Project:
The Effects of Disability, SNAP Participation, and Changes in Benefits on Food Insecurity

Year: 2017

Research Center: Tufts University/University of Connecticut (UConn) RIDGE Program

Investigator: Cho, Seungyeon, Ariun Ishdorj, and Christian Gregory

Institution: Texas A&M University

Project Contact:
Seungyeon Cho
Texas A&M University
600 John Kimbrough Blvd., #341
College Station, TX 77843
Phone: 979-218-0269
Email: arietta111@tamu.edu

Summary:

The Supplemental Nutrition Assistance Program (SNAP) serves more than 42,000 people to reduce food insecurity and improve nutritional well-being by providing $126 average monthly benefits per person (2017). Although the effects of SNAP participation on food insecurity are well documented, the degree to which SNAP reduces food insecurity of households with a member(s) with a disability—households that are more likely to participate and less likely to be food secure—is less recognized. In November 2013, SNAP benefits decreased by around 5 percent, on average, due to the expiration of the American Recovery and Reinvestment Act. If this decrease impacts SNAP’s effectiveness in reducing food insecurity, the effects may differ between households with and without a disabled member. However, considerably less research has been conducted on this issue.

To fill these research gaps, this study uses the public- and restricted-access National Health Interview Survey (NHIS) 2011–2015 and examines how much the effects of SNAP participation on alleviating food insecurity differ by the presence of a member(s) with a disability in a household and who in the household has disabilities––household head, spouse/partner, and/or children. The study also estimates how much the downsized benefits reduce SNAP’s effectiveness for households with and without a disabled member. An analytical sample for this study comprises 64,209 households below 200 percent of the Federal poverty line, which is broken down into 29 percent SNAP participant households and 25 percent food-insecure households.

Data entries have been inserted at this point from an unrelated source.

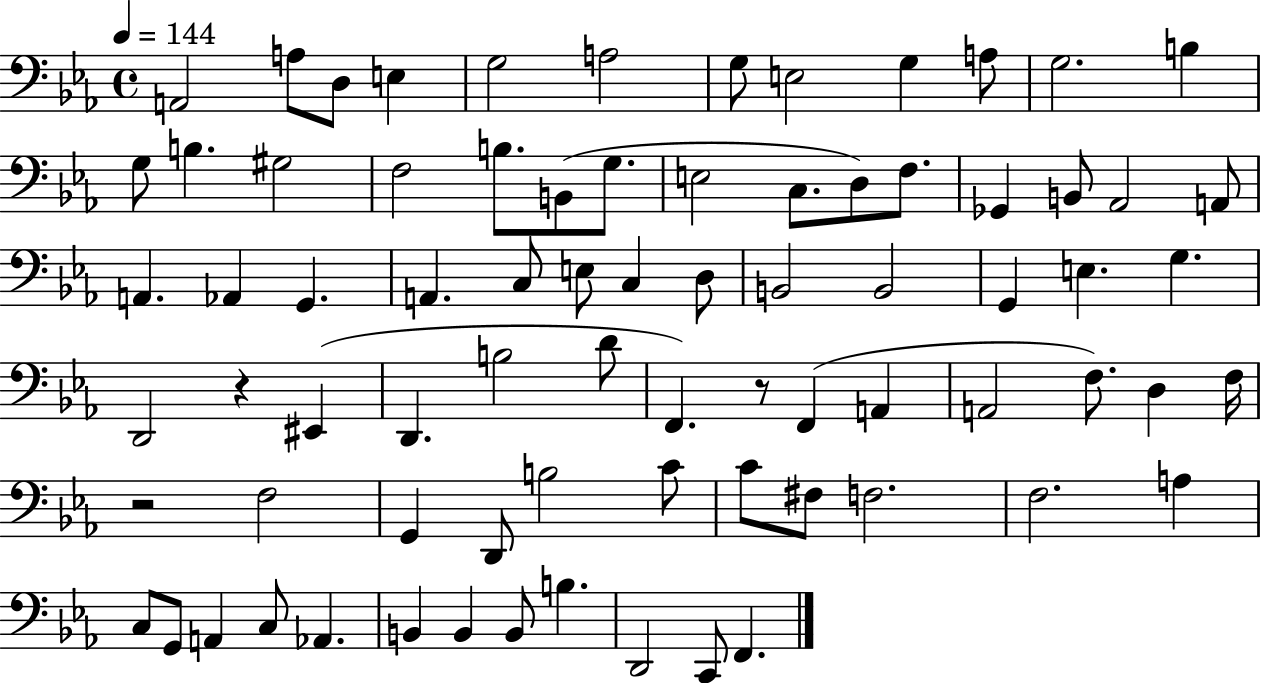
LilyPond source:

{
  \clef bass
  \time 4/4
  \defaultTimeSignature
  \key ees \major
  \tempo 4 = 144
  a,2 a8 d8 e4 | g2 a2 | g8 e2 g4 a8 | g2. b4 | \break g8 b4. gis2 | f2 b8. b,8( g8. | e2 c8. d8) f8. | ges,4 b,8 aes,2 a,8 | \break a,4. aes,4 g,4. | a,4. c8 e8 c4 d8 | b,2 b,2 | g,4 e4. g4. | \break d,2 r4 eis,4( | d,4. b2 d'8 | f,4.) r8 f,4( a,4 | a,2 f8.) d4 f16 | \break r2 f2 | g,4 d,8 b2 c'8 | c'8 fis8 f2. | f2. a4 | \break c8 g,8 a,4 c8 aes,4. | b,4 b,4 b,8 b4. | d,2 c,8 f,4. | \bar "|."
}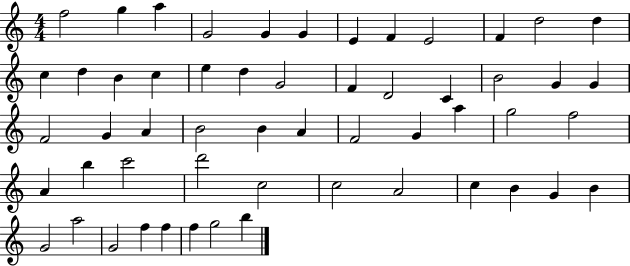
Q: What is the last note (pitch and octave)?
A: B5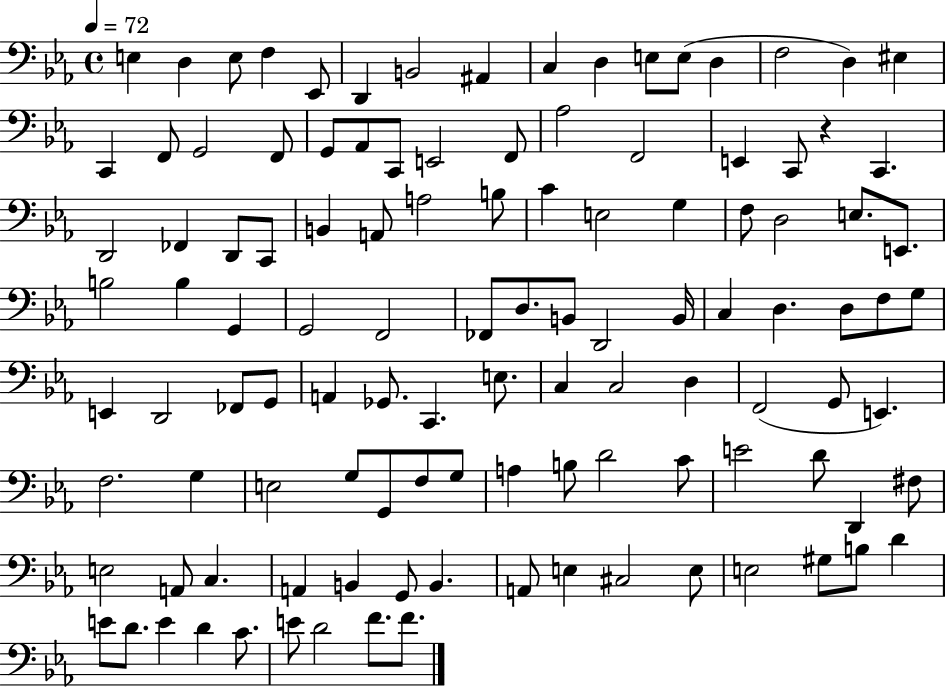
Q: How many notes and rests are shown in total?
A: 114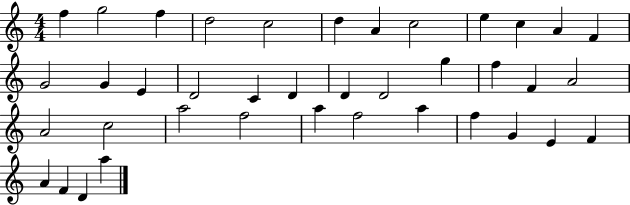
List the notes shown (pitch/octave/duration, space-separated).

F5/q G5/h F5/q D5/h C5/h D5/q A4/q C5/h E5/q C5/q A4/q F4/q G4/h G4/q E4/q D4/h C4/q D4/q D4/q D4/h G5/q F5/q F4/q A4/h A4/h C5/h A5/h F5/h A5/q F5/h A5/q F5/q G4/q E4/q F4/q A4/q F4/q D4/q A5/q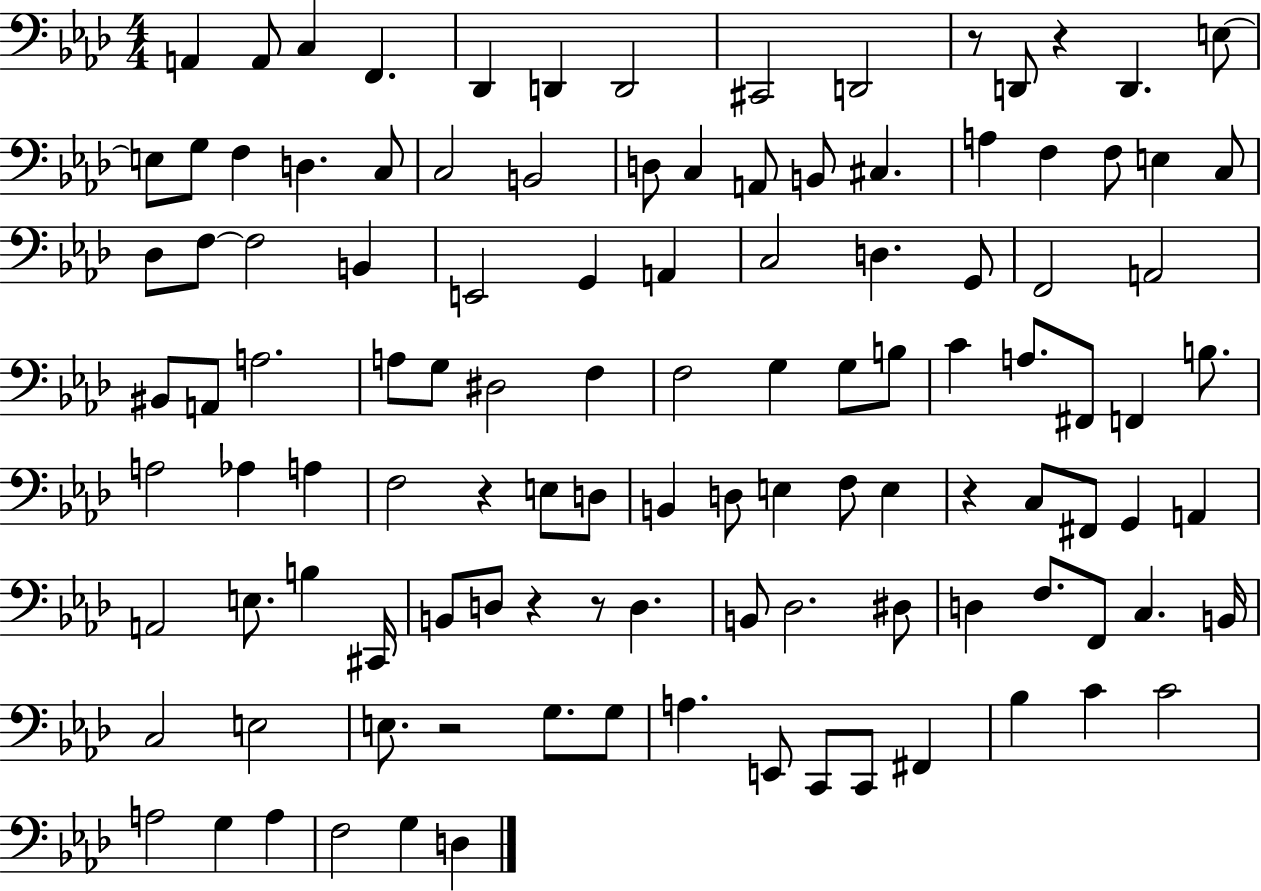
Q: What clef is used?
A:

To obtain more efficient estimates, a copula-based endogenous switching regression model is employed in which distributions of unobservables are featured by the Ali-Mikhail-Haq (AMH)–Plackett copula function that replaces joint normal distribution and is selected as the best fitting combination of copulas among 25 alternatives. To aid model identification, Sate-specific SNAP policy variables––broad-based categorical eligibility, a vehicle restriction for SNAP asset test, and the combined application process for SNAP––function as instruments. Based on the parameter estimates, the program effects are estimated on the framework of the unconditional and conditional average treatment effects on the treated.

For overall households, SNAP participation reduces the probability of food insecurity by 13.2 percentage points. For those with and without a disabled member, SNAP participation reduces the probability of food insecurity 15.3 and 11.4 percentage points, respectively. For households headed by a person with and without a disability, SNAP participation reduces the probability of food insecurity by 17 and 11.9 percentage points, respectively. On the other hand, SNAP has a greater effect on reducing the probability of food insecurity for households headed by a person with a spouse/partner without a disability than those with disabilities or households headed by a person without a spouse/partner by 13.9 and 11.5 percentage points, respectively. There is little difference in the effects of SNAP by children’s disabilities. Additionally, the results suggest that the downsized SNAP benefits reduce the program’s effectiveness by 3.7 percentage points for households with a member(s) with a disability and 3.9 percentage points for households without a disabled member, with very few differences between those two cohorts.

Overall, this study finds that SNAP participation is more effective in mitigating food insecurity for households with members with disabilities than those without a disabled member and overall households, and the effectiveness of SNAP substantially varies by who in the household has disabilities. This study adds to the literature that the downsized SNAP benefit is related to decreased program effectiveness. In particular, the program effects are rarely sensitive to the use of State-specific SNAP policy variables, but vary by a selection of copula joint distribution functions, meaning that distributional assumptions on unobservables are decisive on the estimated program effects, rather than the use of the instruments that satisfy exclusion restrictions.